Author's note: I've noticed myself going back and forth between the first and third person's perspective in this story, so I'm stopping that by just sticking to first, past tense. Thanks for your suggestions. I'm trying to cater to them to make the story as awesome as possible for you!
Annabeth
I was feeling particularly fat that day. I didn't want to have to wear maternity clothes; they just reminded me of how big I was going to get.
"Annabeth, what do you think of this one?" Percy's mom asked from a few feet away.
"It's okay, Mrs.- I mean Mom. I think five pants and eight shirts is quite enough." I laughed half-heartedly. Shoot, I forgot to call her 'mom' again. Why can't she just let me call her what I always have?
"If you say so. I'm sorry I'm doting on you, I'm just excited. I'm about to be a grandmother."
"It's okay. I'm excited too, but really nervous."
"Who isn't with their first child? Come on, we'd better get home to Percy." She smiled.
Percy
I couldn't get up. It was like being in a coma- I've been through some of those before. I was telling my body to move but it wasn't even trying to respond. Poseidon helped me to my feet, but I was too dizzy.

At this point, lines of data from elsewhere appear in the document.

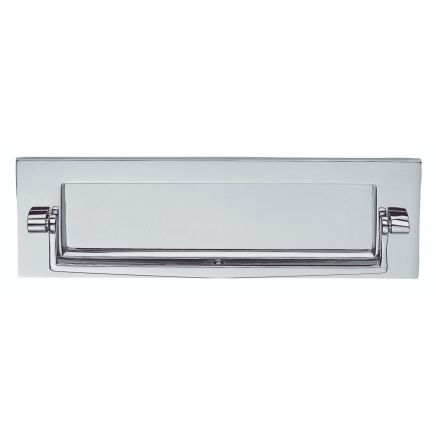 Postal Knocker - Polished Chrome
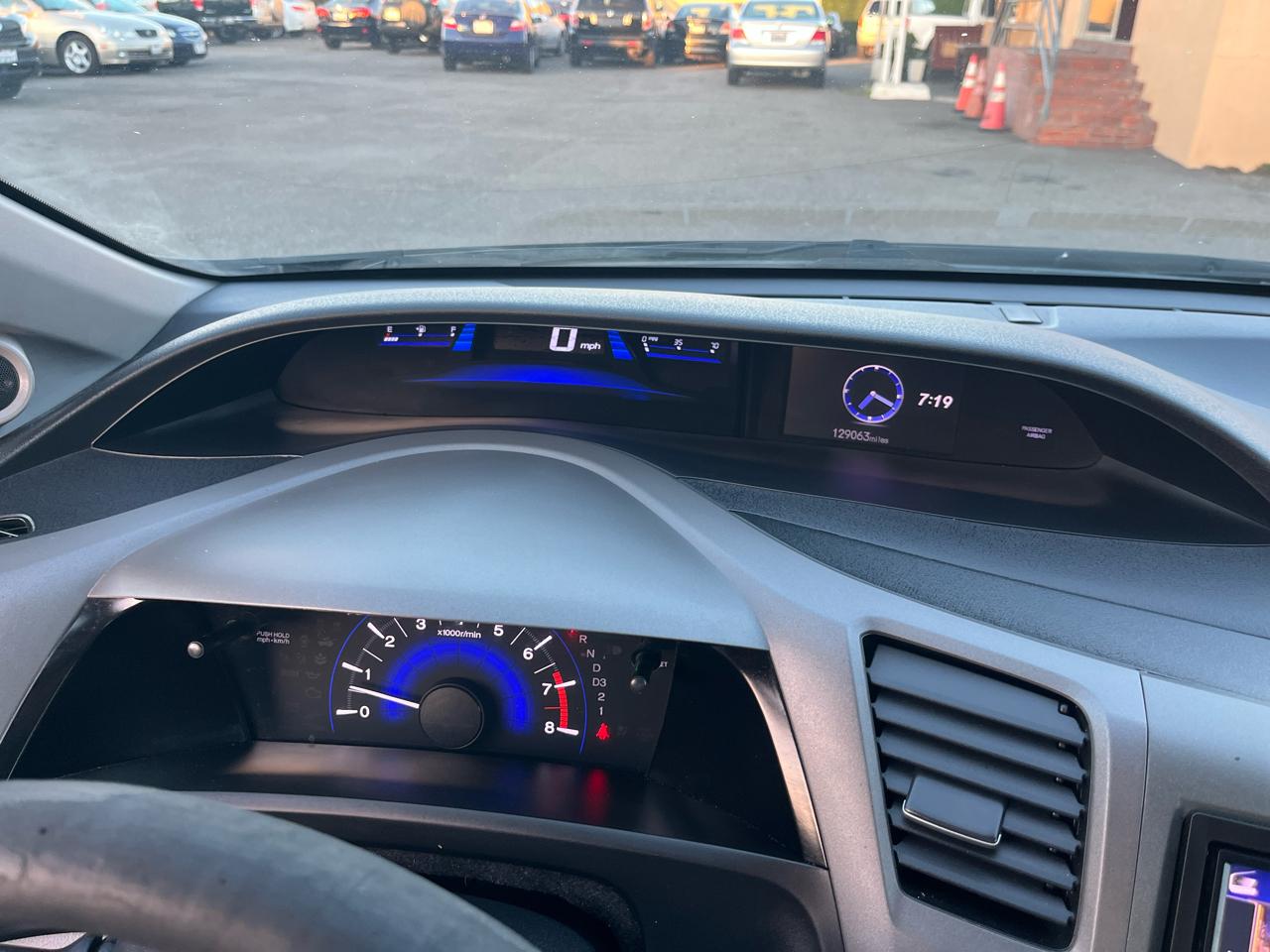 Honda Civic LX Coupe 5-Speed AT 2012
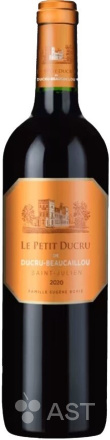 Le Petit Ducru de Ducru-Beaucaillou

Wow, have I really become so attached to this baby that I've never even met? I don't even think attached is the right word... I love this kid.
I found my strength and stood, still a bit dizzy, but I was up. "They're not taking that baby from me. It's not happening."
Poseidon tried to stop me, but I was pissed. This was my child they were talking about. I stomped into that throne room with way less fear than I should have had. "The answer is no. I don't care how scared you are of our baby. We will raise him or her the best damn way we can. After all I've done to save all of you, you owe me this. This just got personal and you will meet my demands."
Zeus, Poseidon, and Hera looked shocked. Artemis looked extremely pleased- at least I knew her answer. And Athena, the being in that room that hated me the most, had the most satisfying look of begrudged admiration. I knew my reckless actions had just saved my baby... for now, at least.
Annabeth
I got home to a shaken-looking Percy watching daytime television. I didn't really blame him, that stuff does suck. But I knew there was something more to his expression than that. There was fear mixed with relief. It was the oddest combination.
"What happened?" I ventured cautiously.
Percy looked like he was considering how to say something... Oh no. Was my first thought.
He told me the entire story. I was in shock. By the end of it, tears streamed down my face. I had become surprisingly close to this child and now they wanted to take it away? How dare they! My shock turned to rage.
"Calm down, Annabeth. I made them swear on the River Styx that they wouldn't hurt you or the baby."
"I don't know if you've noticed, but they don't usually keep those promises. You happened because your dad broke that dumb promise," I screamed. As soon as I said it, I felt bad. "Percy, I'm sorry. I didn't mean it. I just-"
"Whatever, Annabeth. If you don't want me here, go home."
"Home for me is wherever you are." I started to cry.
Percy hugged me, "Stop crying. I'm sorry, too."
Right then, I remembered something. It had been almost three months and I still hadn't told my dad. Damn it, we can't catch a fucking break!